Why only “m” (count of valid data) in Collaborative Filtering Cost function can be deleted? While as “m” stays in Linear Regression and Logistic Regression’s Cost functions? (Can they also be deleted?)

Since ‘m’ is a constant, then 1/m is also a constant. All it does is scale the magnitude of the cost.

But “m” in Linear Regression and Logistic Regression’s Cost Function is also a constant, why it stays? Can it be removed as well?

Yes. But that’s not the traditional method.
Different techniques were invented by different people, with different ideas.
There is very little standardization across methods.

Hello @Jinyan_Liu,

If we keep the m there, we actually cannot move it out of the summation sign. This means we will have to do as many divisions as the number of user when computing the cost (and consequently the gradients). Division is an expensive operation.

On the other hand, since m is a constant with respect to each user, we can consider to “absorb” the m into the w, b, and y by, for example, rewriting b^{(j)} as \frac{b^{(j)}}{\sqrt{m^{(j)}}}. However, in this case, y will be scaled down. This means that we are scaling down more on the rating given by users who rated more. As the designer of this algorithm, do we want that?

There are some other way to consider this but I will leave that as an exercise to you for the future :wink: As for the m in Linear Regression, it is also an exercise for you to think/experiment about it. Tom has shedded light on it. Always try to think from both sides - keep and remove, and see how you will balance those factors. :wink:

Good luck!

Raymond

Another benefit to leaving 1/m in the cost function is if you are going to vary the size of the training set (i.e. if m isn’t a constant), but you want to compare improvements in the cost vs. the training set size (i.e. using a learning curve).
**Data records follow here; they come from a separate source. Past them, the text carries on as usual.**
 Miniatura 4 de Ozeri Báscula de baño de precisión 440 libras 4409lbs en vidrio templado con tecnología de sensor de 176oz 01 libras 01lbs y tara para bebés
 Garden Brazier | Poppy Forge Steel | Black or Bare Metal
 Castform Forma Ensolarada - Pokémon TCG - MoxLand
Typically this isn’t done in collaborative filtering, so there’s no significant in keeping it.

Thanks @rmwkwok ! :blush:

Although there are other pros and cons for me to find in future, but your explanation helps a lot! I didn’t think carefully: m is a constant per user! If leave it there, it can complicate the cost function and also the algorithm, without gaining better performance. :cowboy_hat_face:

Thank you! :star_struck:

Thanks @TMosh !

That’s true! :pray:

Basically removing the “Mean” from “Mean Squared Error”. Therefore cost function values will be large and I am not sure what the implications of that will be on the learning rate or any other optimizer we use. I guess we will have to set the learning rate to a small value.
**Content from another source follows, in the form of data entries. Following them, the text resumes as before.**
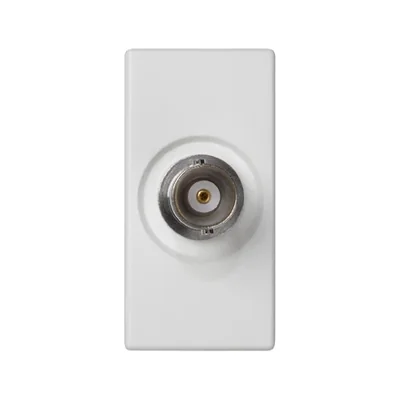 Board K45/2, BNC 22, 5x45mm connectors + insert, pure white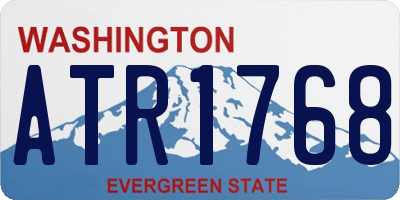 WA license plate ATR1768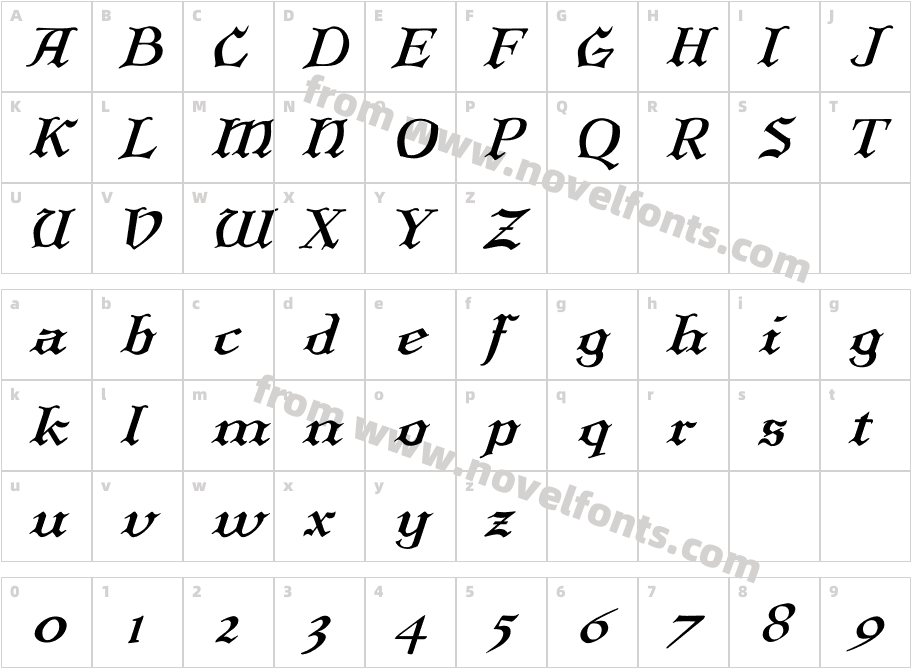 P22 LarkinCharacter Map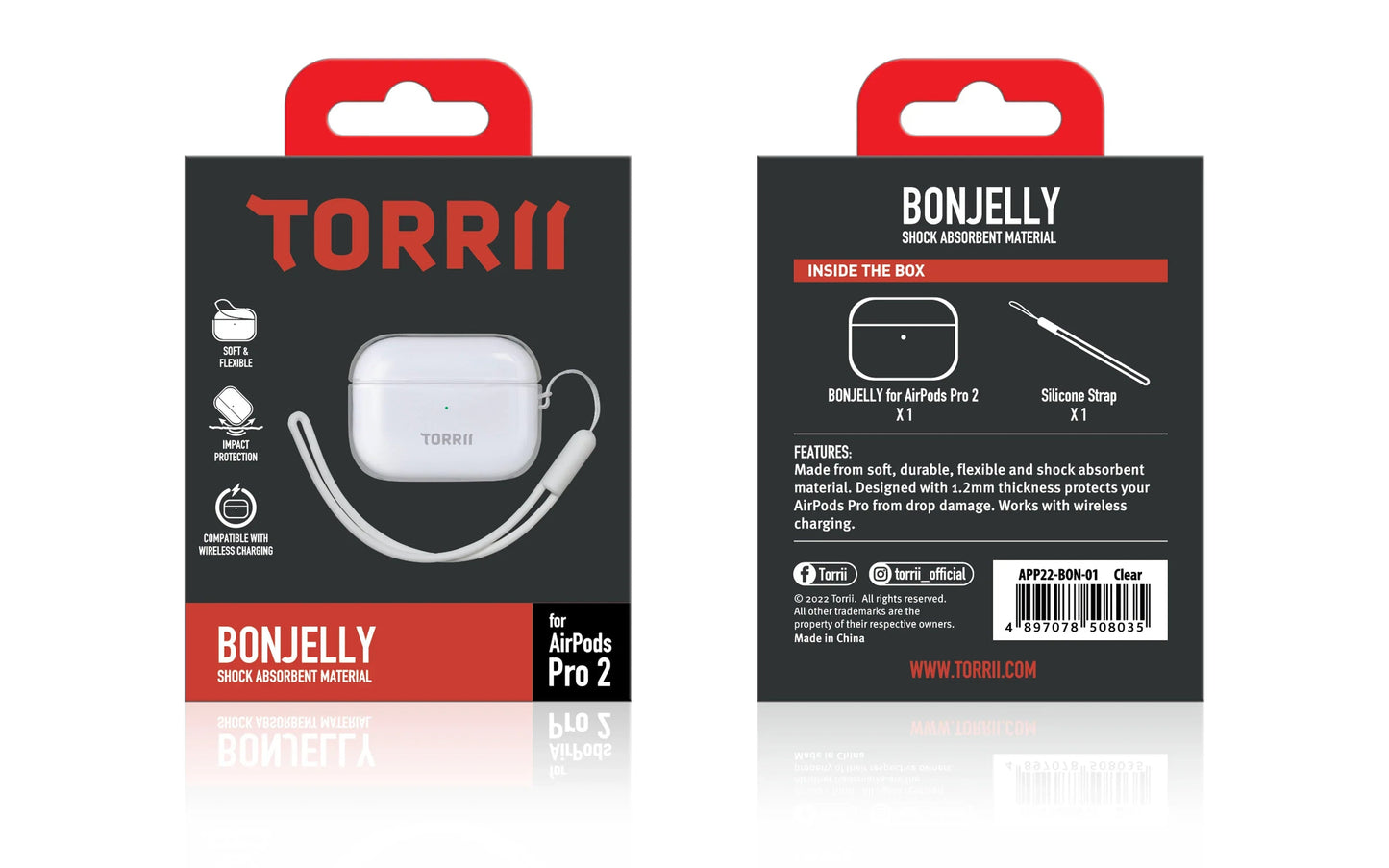 Airpod Pro 2 Torrii Bonjelly Case - Clear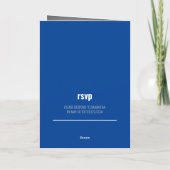 Bleu Bold & Moderne Photo Graduation Invitation (Dos)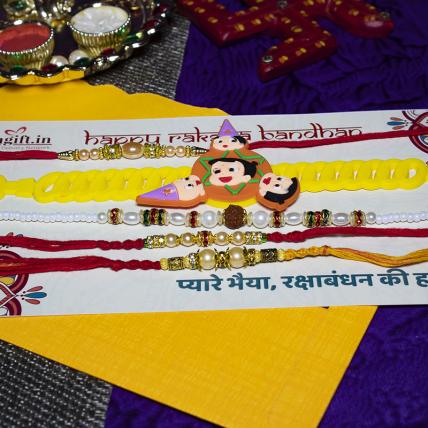 Cute Rakhi Combo of 5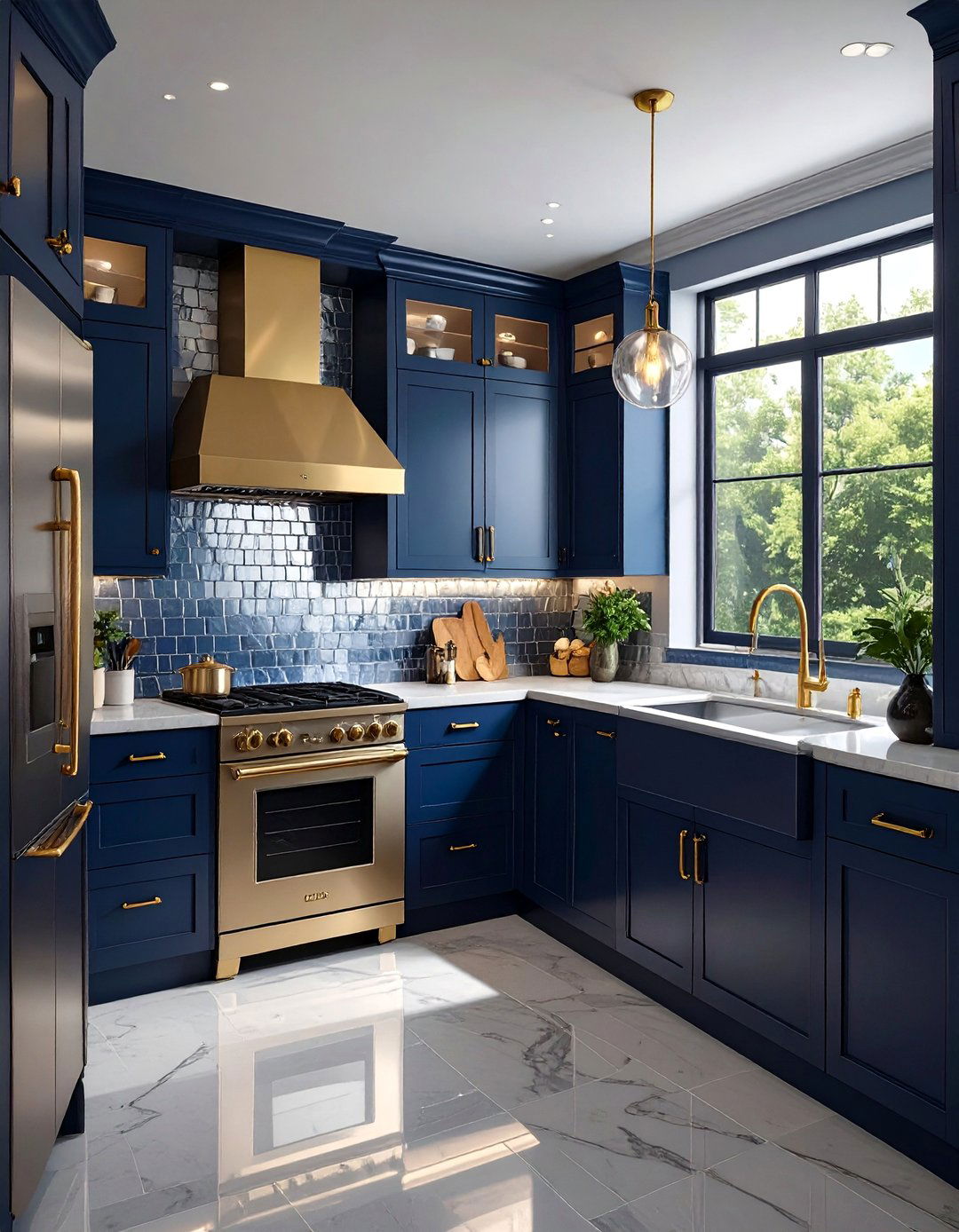 Polished Mirrored Tile Backsplash - 30 backsplash tile ideas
Also, like @TMosh mentioned we can’t compare cost function values when the size of training data changes unless we find out MSE separately.

The optimizers don’t use the cost value for anything except monitoring. The magnitude doesn’t matter much.
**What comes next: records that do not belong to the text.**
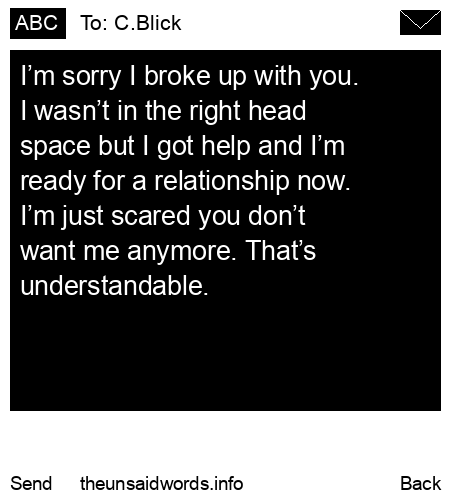 unsent message to C.Blick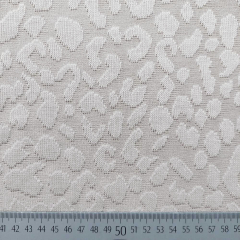 Jacquard Strickstoff Leopardenmuster 3D, beige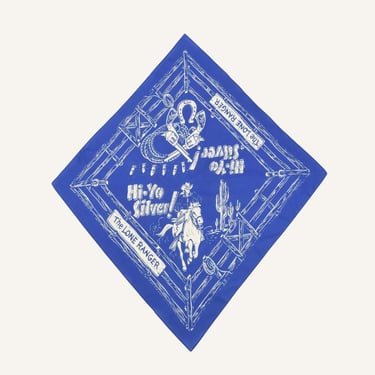 1950s Lone Ranger Hi Yo Silver cotton bandana 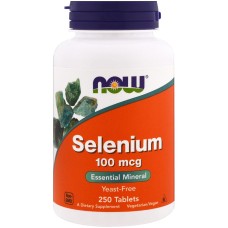 NOW - Selenium 100 mcg (250таб)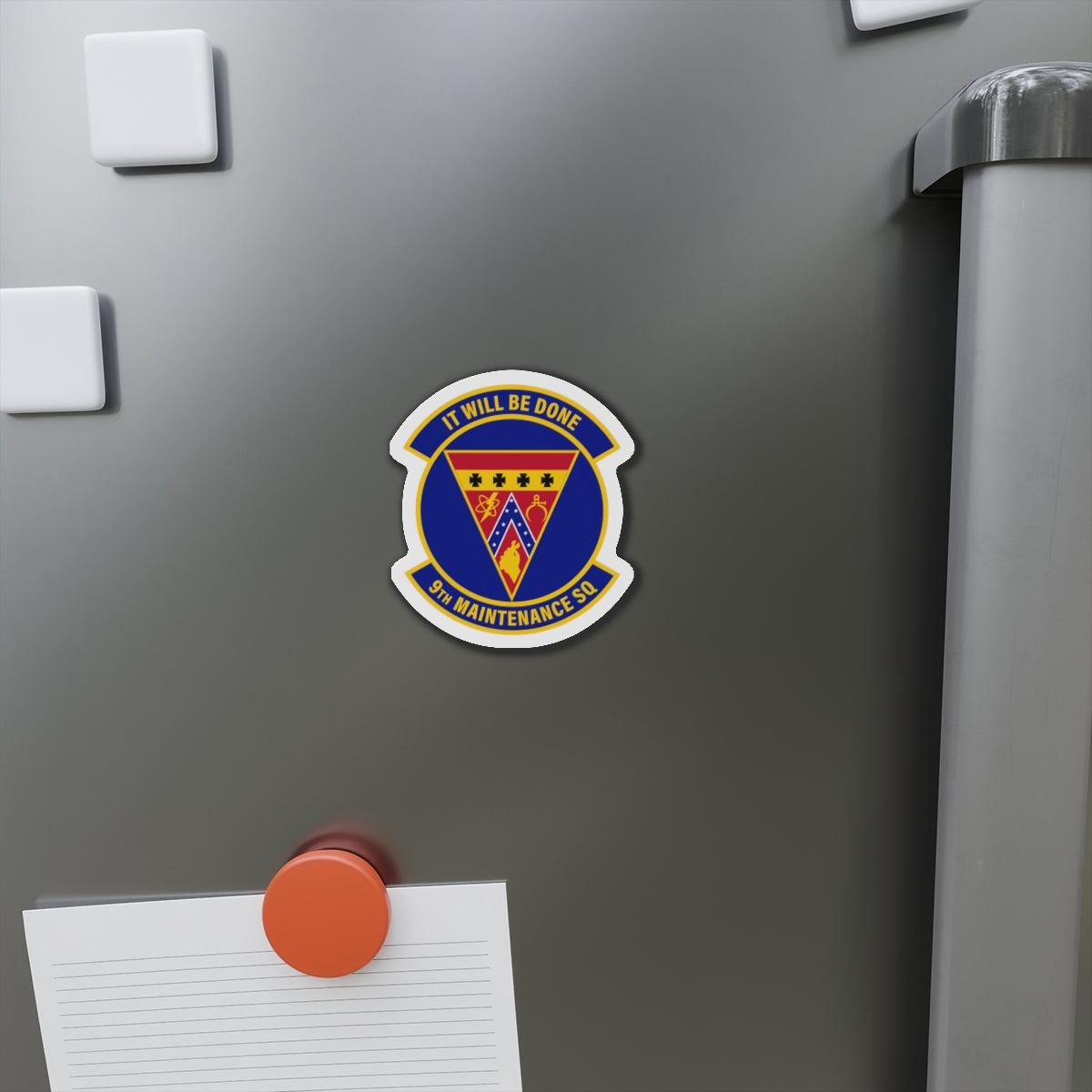 Die-Cut Magnet - USAF - 9th Maintenance Squadron wo txt X 300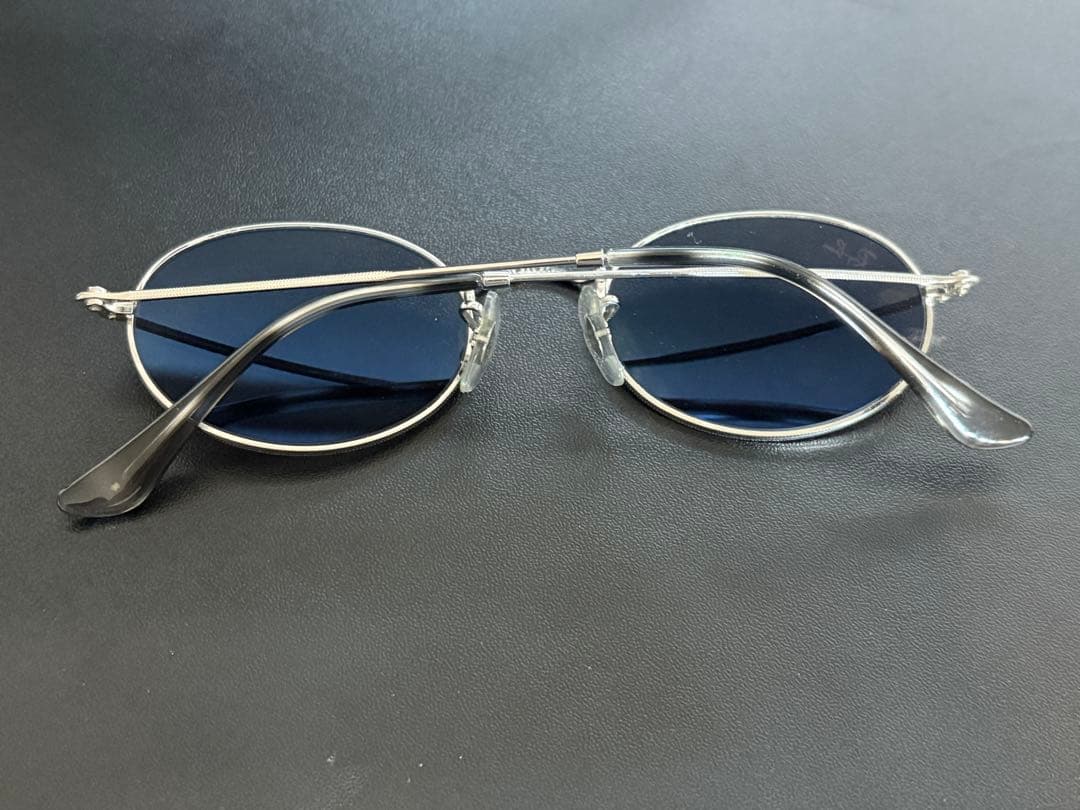 Ray-Ban シルバーオーバルサングラス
The key factor for an optimizer is the gradients.

Good point, @tinted. Give and take. I described a take, you mentioned a give, and both are important. However, if your concern is going to be a negative one throughout the development cycle of a recommender, we could test if adding a scaling factor \frac{1}{\sum_j {m^{(j)}}} would make a positive difference, couldn’t we? :wink:

Cheers,
Raymond

yep, the algorithm will work since the direction in which the new w, b update is the main working principle of the optimizer. But, the learning rate will have to decrease because of the increase in magnitude of cost function.

image

But, if we use optimizers like “Adam” which changes the learning rate dynamically then maybe this is not a problem at all.

Edit: My bad on using the picture I used, that red underline was from prof. Andrew, I just used that image as a reference to the gradient equations, nothing else.

Also, when I say the learning rate has to decrease, I meant in relation to the learning rate if we have that 1/m.